La búsqueda de la difusión de sus proyectos, historias y narrativas podría considerarse como una estrategia por parte de los grupos narcotraficantes encaminada a conseguir aceptación y apoyo de los Michoacanos aunque no necesariamente sea una invitación para que se sumen a sus actividades delictivas.
Ahora bien, es importante señalar que en un contexto de auge del narcotráfico como el que se vive actualmente en algunas regiones de México, el libro puede sólo cumplir un papel de difusor de algunas historias e ideas porque la aceptación y legitimidad de “La Familia” no depende necesariamente de éste.

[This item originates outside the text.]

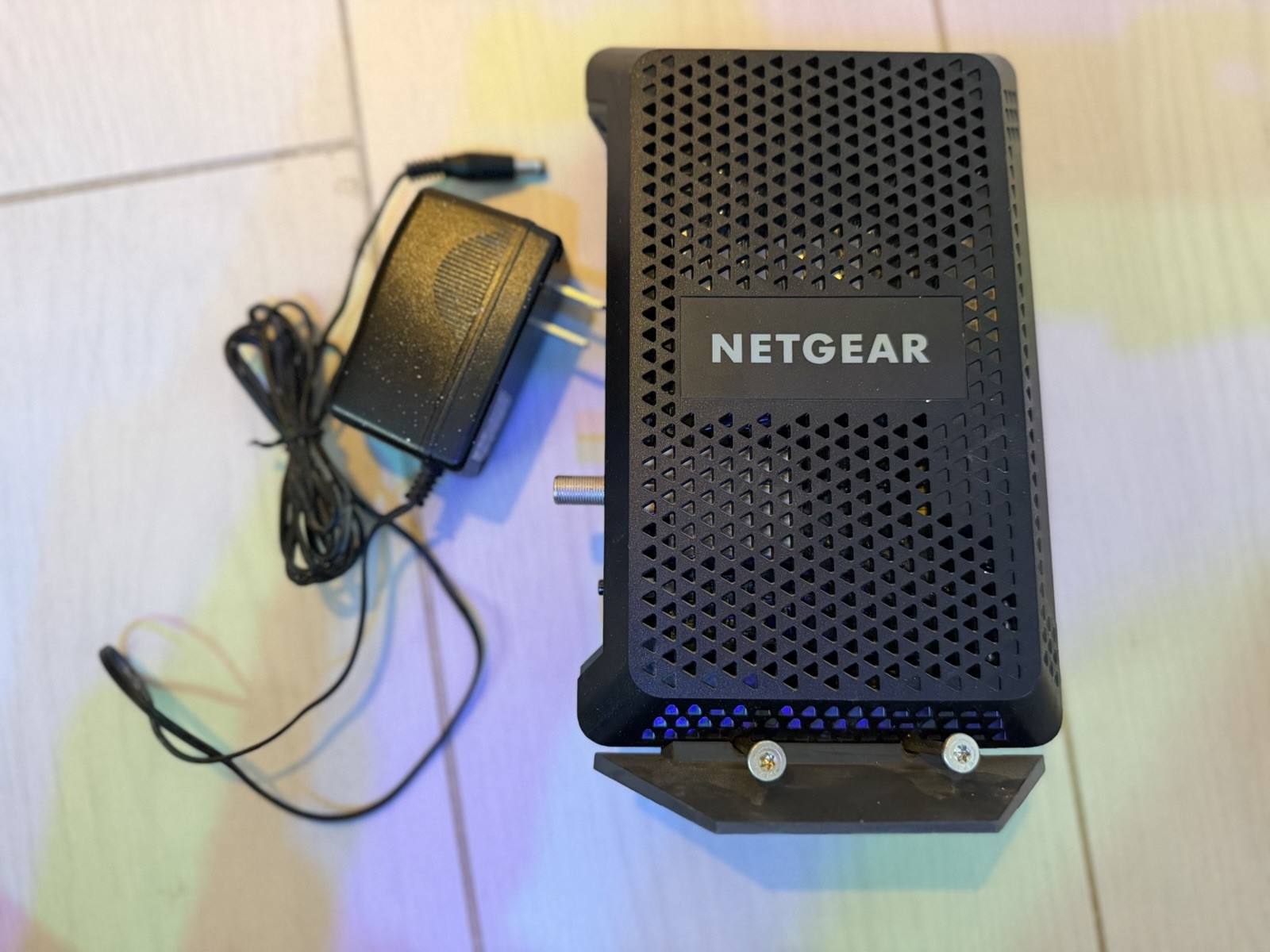 NETGEAR CM600 High-Speed Cable Modem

Vale recordar que esta agrupación aparentemente no sólo delinque, sino que, suponiendo que les llegamos a creer, afirman: “hacen labor social, le hacen justicia al pueblo, hay voluntarios que aportan dinero, también les regalan armas para pelear contra sus enemigos”
(1) y tales acciones tienden a generar aceptación y simpatía entre sus coterráneos. Por ejemplo, el caso colombiano, país que enfrenta la lucha contra el narcotráfico hace más de dos décadas, muestra cómo la relación entre los miembros de los carteles y la población civil puede ser más cercana y entrañable de lo que podría pensarse. Recuérdese el caso de Pablo Escobar, más conocido como el Patrón, quien siendo el máximo dirigente del cartel de Medellín construyó centros de recreación, entregó dinero, construyó y amobló casas, y edificó un barrio en la ciudad de Medellín para la gente de bajos recursos económicos, llamado “Medellín sin Tugurios” o “el barrio de Pablo Escobar” con 780 viviendas unifamiliares. Ello permite comprender que cuando murió "el Patrón" a manos de las fuerzas de seguridad colombiana, muchos habitantes de las zonas pobres de Medellín que recibieron su ayuda lloraron y sintieron lastima por su muerte. Por tanto, la censura del libro no garantiza ni puede interpretarse como una ganancia en la lucha contra el narcotráfico, por el contrario, los efectos de su prohibición
(1) pueden incrementar lectores e incluso generar desaprobación ante las medidas tomadas por el gobierno mexicano para frenar los cárteles.
Al final, en todo caso, podríamos coincidir con Paul Valery, quien afirma que el efecto de la producción literaria es incierta porque nunca se sabe la reacción de los espíritus.